I am his mistress – and I have no feelings of guilt
It takes two to make an affair. No question about it. Back then, when I got involved with Tim (name changed), I didn’t think at all about what might happen.
From the beginning, it was clear to us that we were looking for something casual and did not want to make a commitment. We found each other on a singles community for Berlin and made everything clear straight away. Also that it would only be a lasting romance if it really harmonised in bed. Otherwise it was just going to be a one-off. But the sex was so good that it turned into a full-blown affair.
When we met, it was in a hotel. Neutral ground where you could just let yourself go. We talked a lot, but mostly on a small-talk level. Our conversations never went into depth. But the physical part was all the more intense.
At some point he revealed to me that he was married. I already knew that he was taken. After all, that was one of the reasons why we only met in hotels. But I didn’t know that there was a whole marriage attached to it.
How do I deal with the knowledge of his wife?
When I found out about his wife, I didn’t mind at all at first. Maybe it’s because I’ve already experienced, seen and heard a lot as a single person in Berlin. And because I assumed that it was his decision and he had to live with it. But at some point doubts began to gnaw at me: Am I not also somehow his accomplice, knowing about his wife?

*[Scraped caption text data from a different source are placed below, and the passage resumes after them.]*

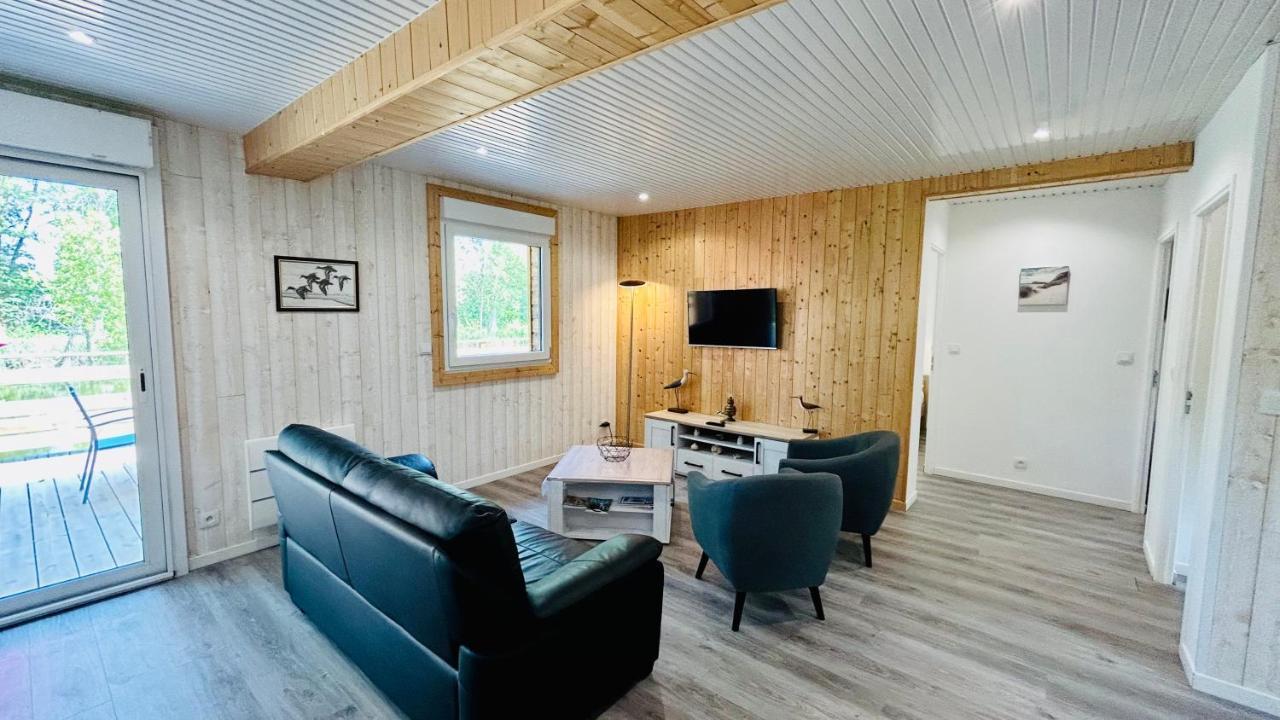 Chalet avec terrasse sur pilotis vue sur l'étang Rue  Esterno foto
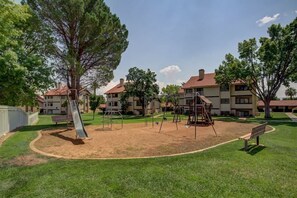 Un parque infantil con columpios y un tobogán, rodeado de césped y árboles, con edificios al fondo.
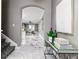Elegant entryway with marble floors and a view to the dining area at 1958 Altavista Cir, Lakeland, FL 33810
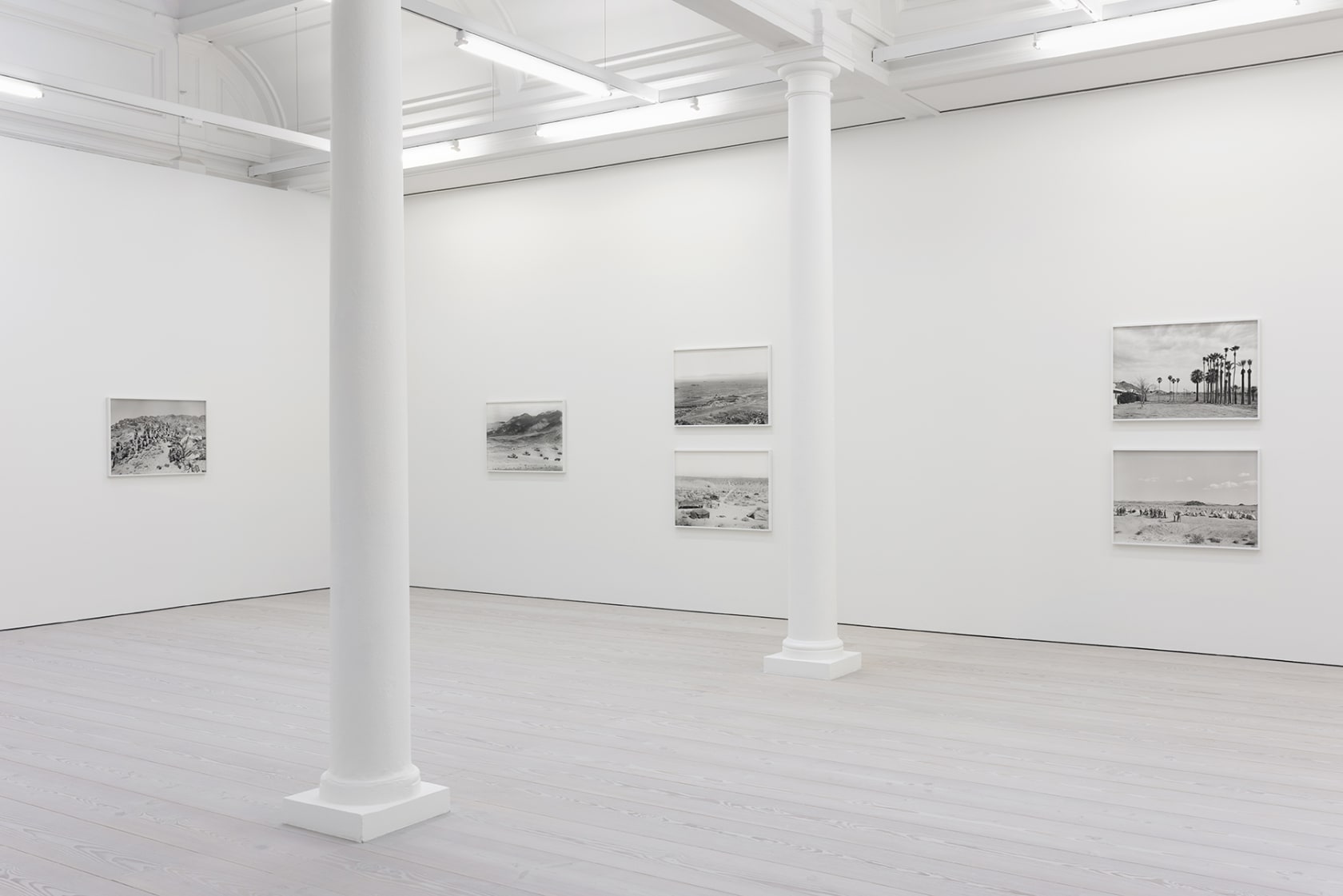 installation view of photographs by An-My Le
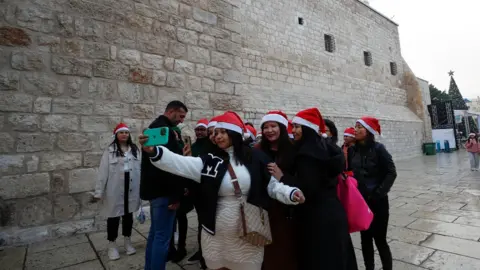 Shutterstock Women in Bethlehem taking a group selfie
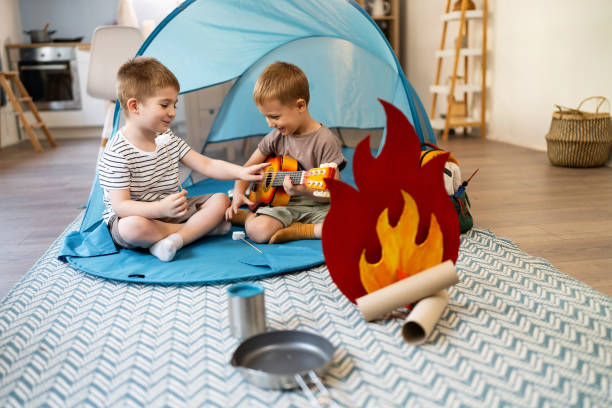 Two little brothers camping inside their home.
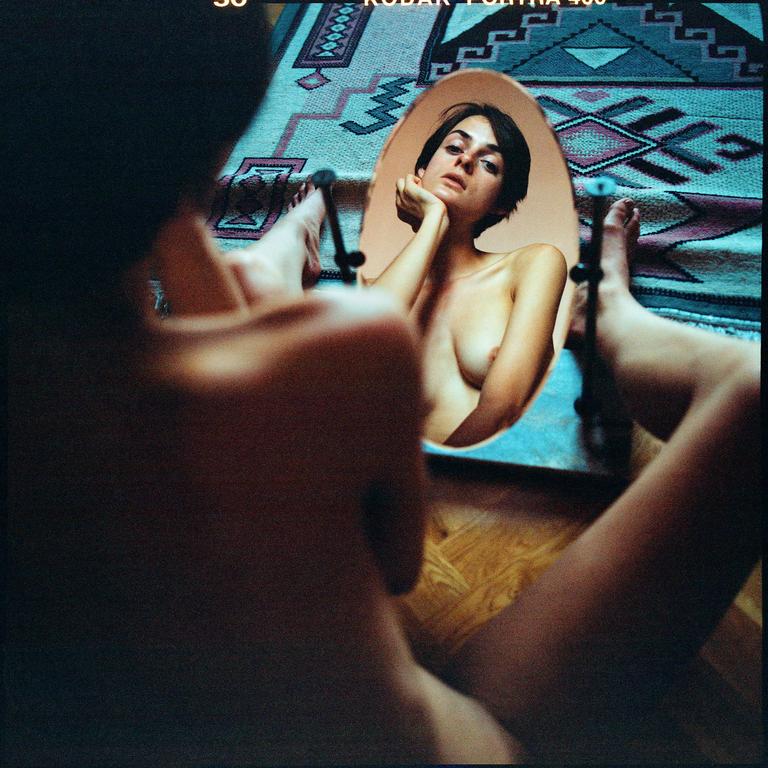 A woman is reflected in a mirror, with her back to the viewer, sitting on a wooden floor with a patterned rug.
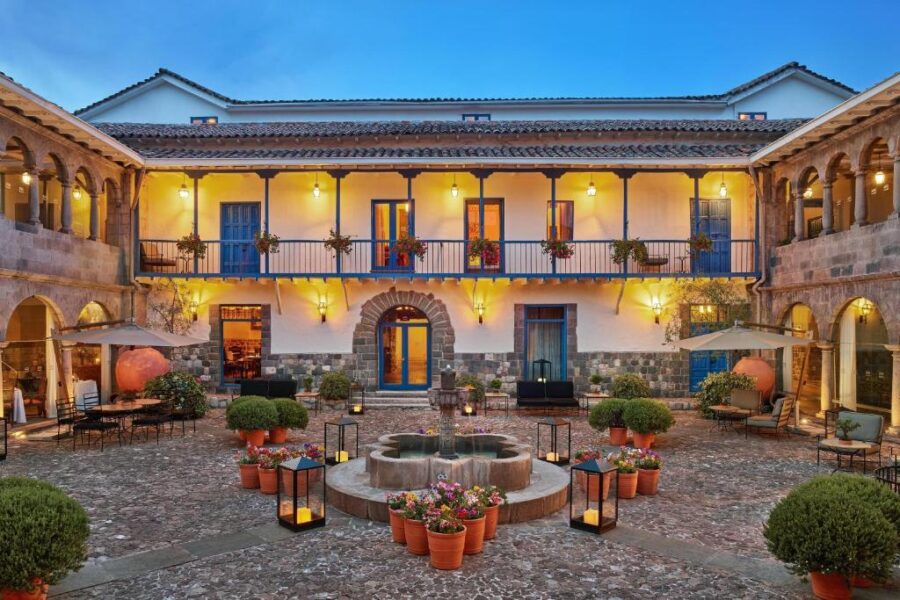 Romantic colonial courtyard hotel with stone fountain, lanterns, flowers and balconies at dusk.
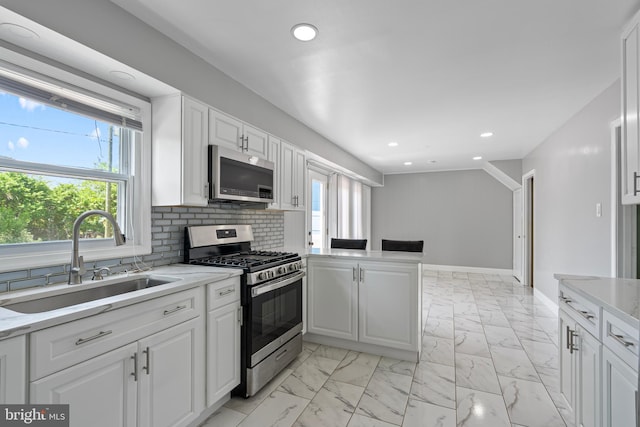 kitchen featuring a sink, white cabinetry, tasteful backsplash, appliances with stainless steel finishes, and marble finish floor
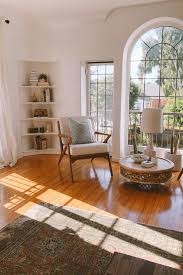 Sun Drenched Living Room Bright White Walls And A Vintage Rug Keep The Decor Impactful And Min Home Decor Bright Living Room Decor Interior Design Living Room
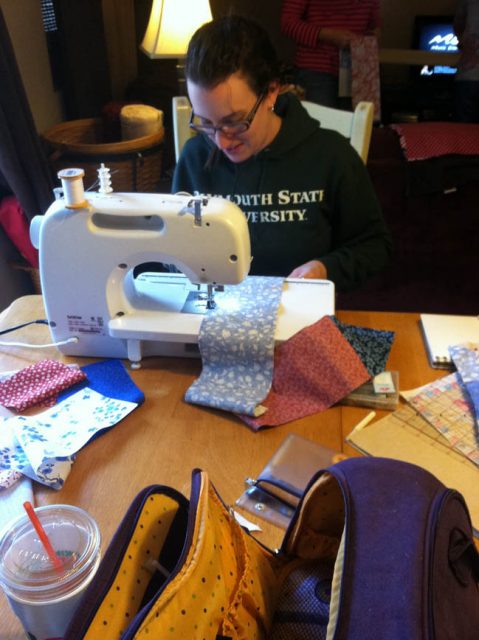 That's me manning the sewing machine. Looking at this photos I now know why my back/shoulders are achy 3 days later
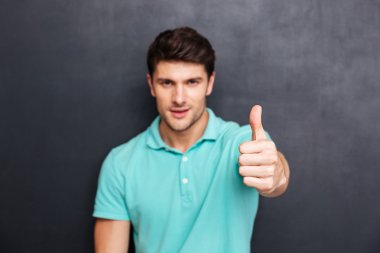 Yakışıklı delikanlı ile kameraya bakarak yukarı başparmak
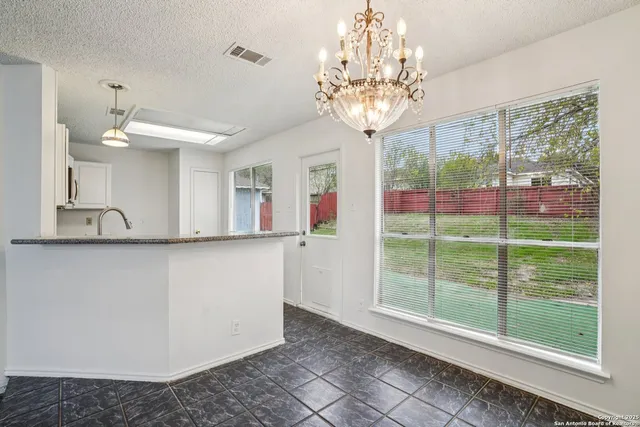 a view of a chandelier and a chandelier in a room
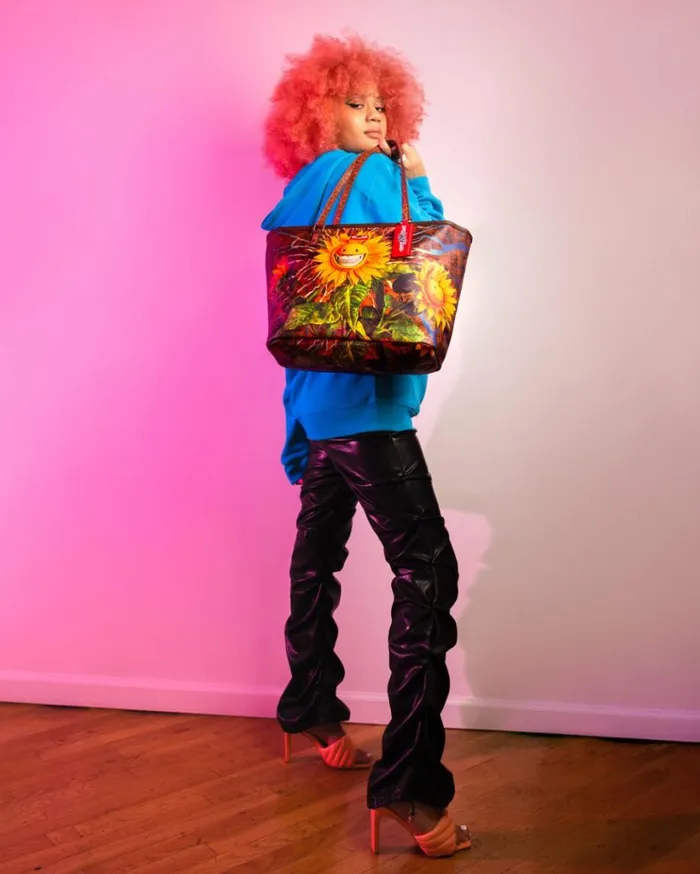 SPRAYGROUND SUNFLOWER GRIN RON ENGLISH COLLAB TOTE Bags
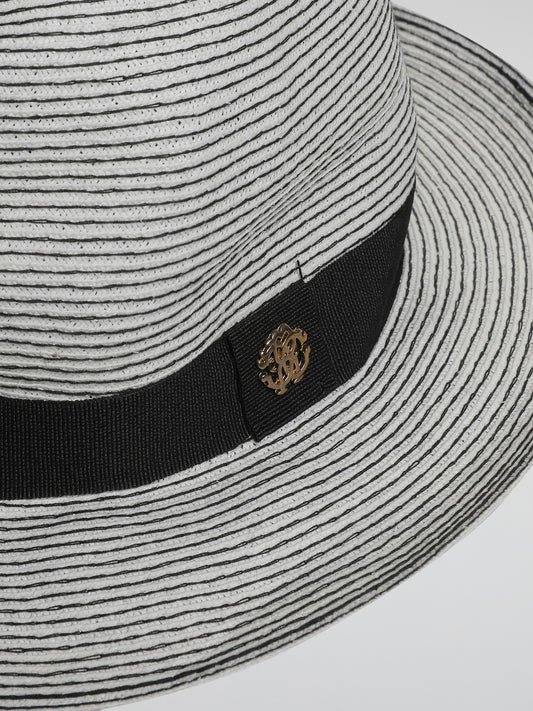 Step out in style with the Striped Bowler Hat by Roberto Cavalli, a perfect blend of sophistication and playfulness. This timeless accessory features bold, eye-catching stripes that will effortlessly elevate any outfit, making a statement wherever you go. Crafted with meticulous attention to detail and Cavalli's signature flair, this bowler hat is a must-have for the fashion-forward individual.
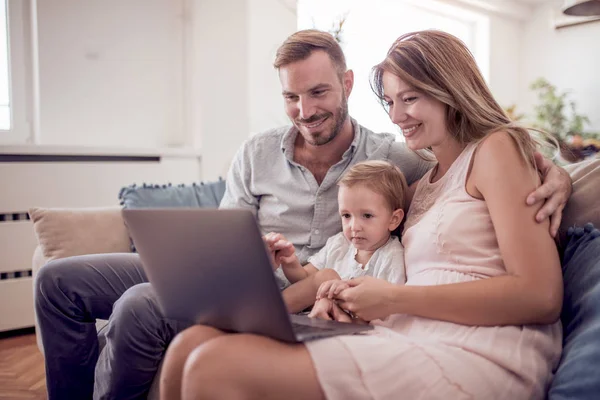 Evde Koltukta Oturan Bir Dizüstü Bilgisayar Kullanarak Neşeli Bir Aile — Stok fotoğraf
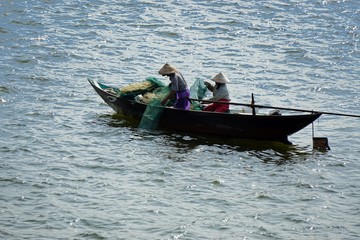 fisherman in the harbour of danang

As we once again fell exhausted and happy next to each other into the pillows of a hotel bed after lovemaking, I finally asked Tim: “Don’t you want to leave your wife? “. He said nothing at first. The words hung heavy in the room. Then all that came was, “I can’t.”
I left it at that. I enjoyed our uncomplicated arrangement too much to want to ruin it with my questions. But I came to realise that if you decide to cheat, you do it on purpose and bear the responsibility – and thus the guilt – for it. Anyone who gets involved as a second person and knows that the other person is taken is also guilty.
And yet: If you do not know the partner of your affair, you are partly to blame for cheating – but you do not have the moral responsibility to justify yourself to the person you are cheating on. That is the sole responsibility of the person in the relationship or marriage. You owe honesty there.